▶ [ASSIGNMENT]: Only the lines below from the one containing "3 Bed 1.5 Bath Semi Detached Home in Barrie" through the one containing "Le roi Charles" belong in the answer, repeated exactly and without pictures.

▶ [PROVIDED ENTRIES]:

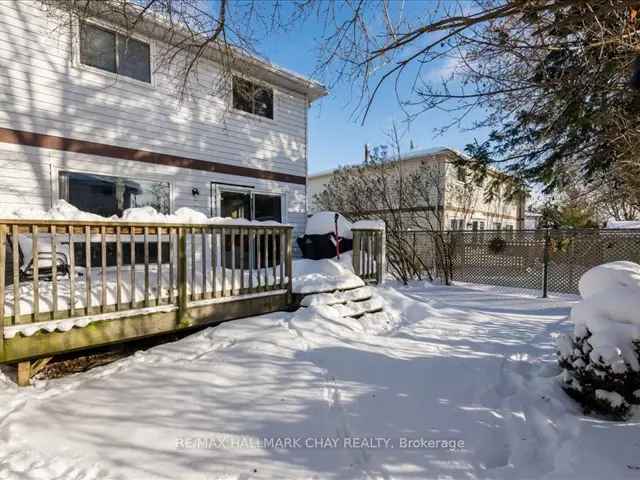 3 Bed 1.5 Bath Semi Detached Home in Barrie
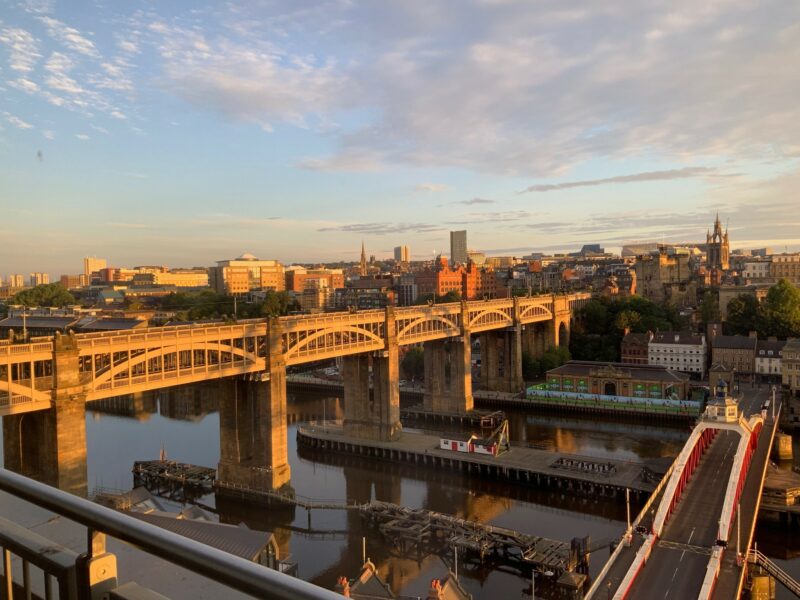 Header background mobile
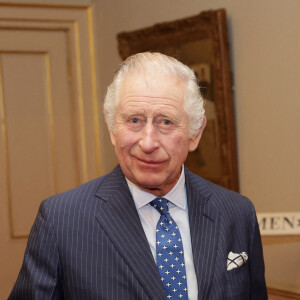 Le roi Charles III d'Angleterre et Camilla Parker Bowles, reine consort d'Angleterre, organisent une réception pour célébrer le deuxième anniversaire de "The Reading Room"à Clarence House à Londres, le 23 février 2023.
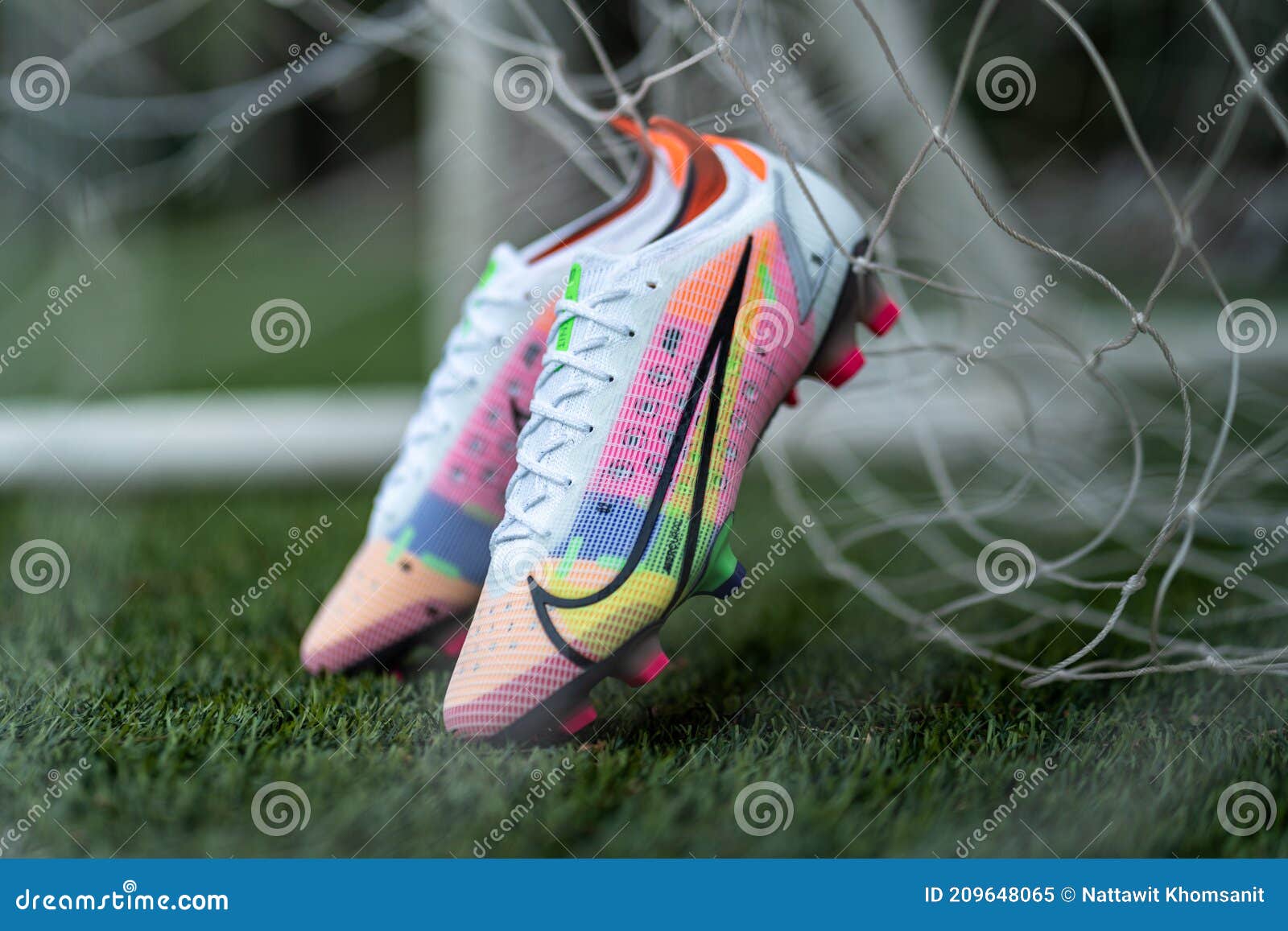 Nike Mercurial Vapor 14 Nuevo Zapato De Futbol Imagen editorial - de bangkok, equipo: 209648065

---

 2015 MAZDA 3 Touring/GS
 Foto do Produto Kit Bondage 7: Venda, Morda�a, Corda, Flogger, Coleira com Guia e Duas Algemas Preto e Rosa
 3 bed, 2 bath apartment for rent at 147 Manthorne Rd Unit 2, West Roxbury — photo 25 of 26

* * *

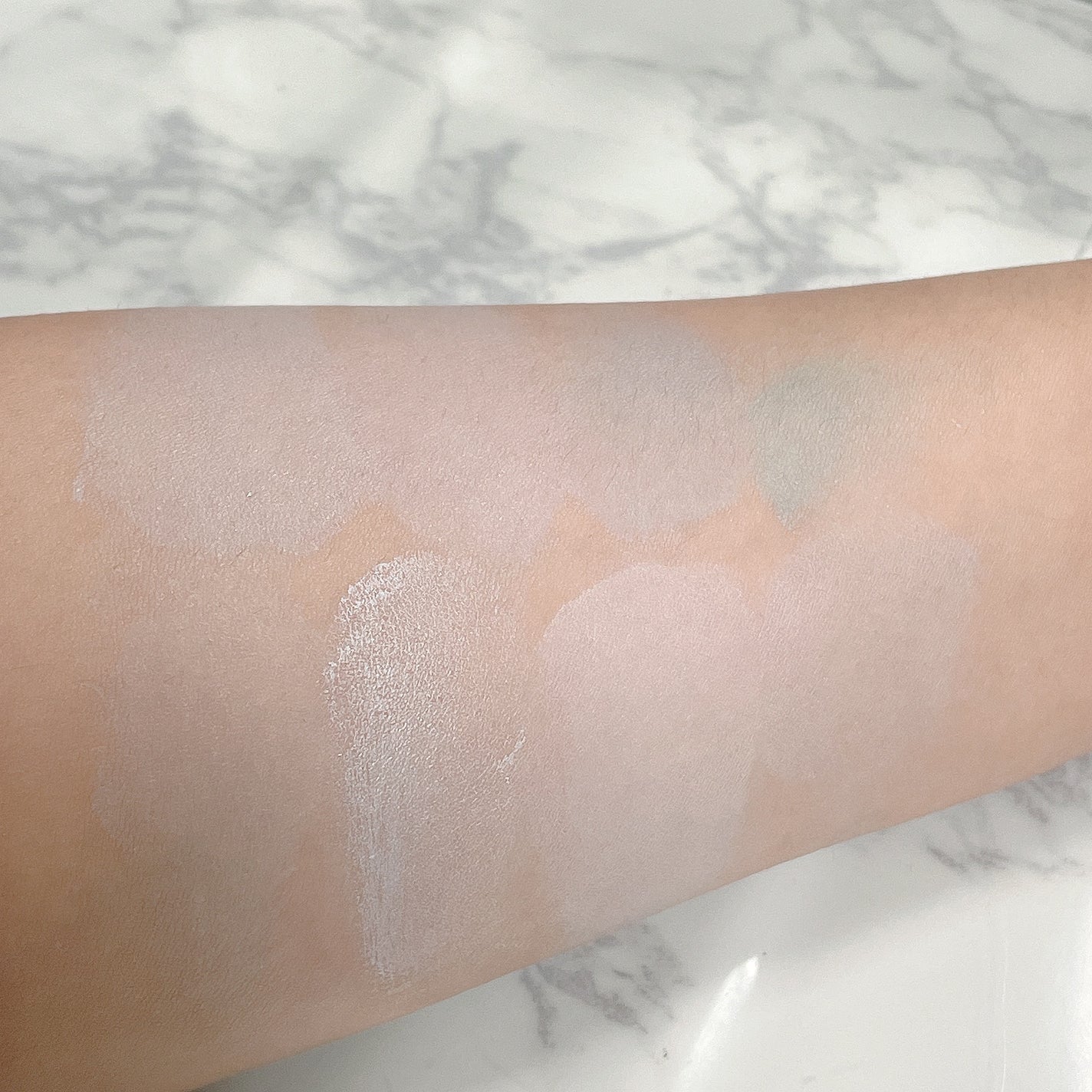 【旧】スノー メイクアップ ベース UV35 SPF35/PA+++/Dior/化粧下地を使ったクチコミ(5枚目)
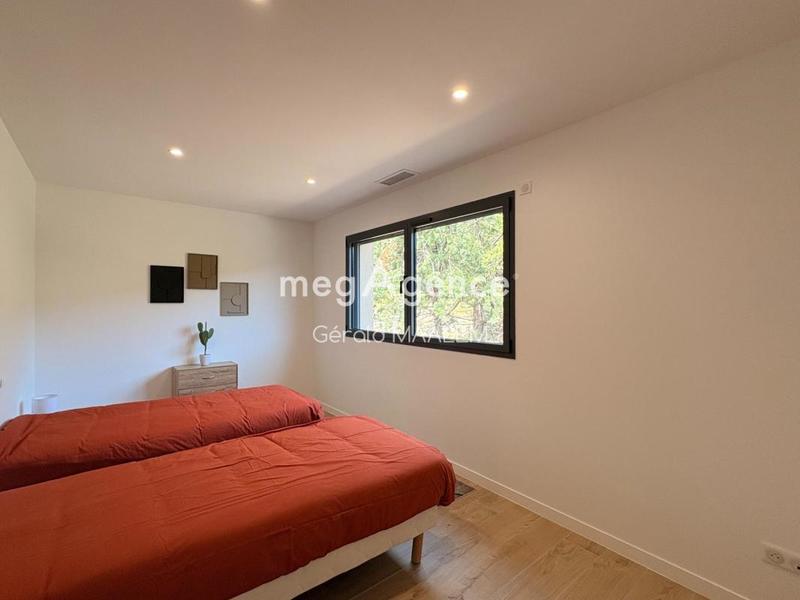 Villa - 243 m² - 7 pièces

▶ [FINISHED EXERCISE]:
 3 Bed 1.5 Bath Semi Detached Home in Barrie
 Header background mobile
 Le roi Charles III d'Angleterre et Camilla Parker Bowles, reine consort d'Angleterre, organisent une réception pour célébrer le deuxième anniversaire de "The Reading Room"à Clarence House à Londres, le 23 février 2023.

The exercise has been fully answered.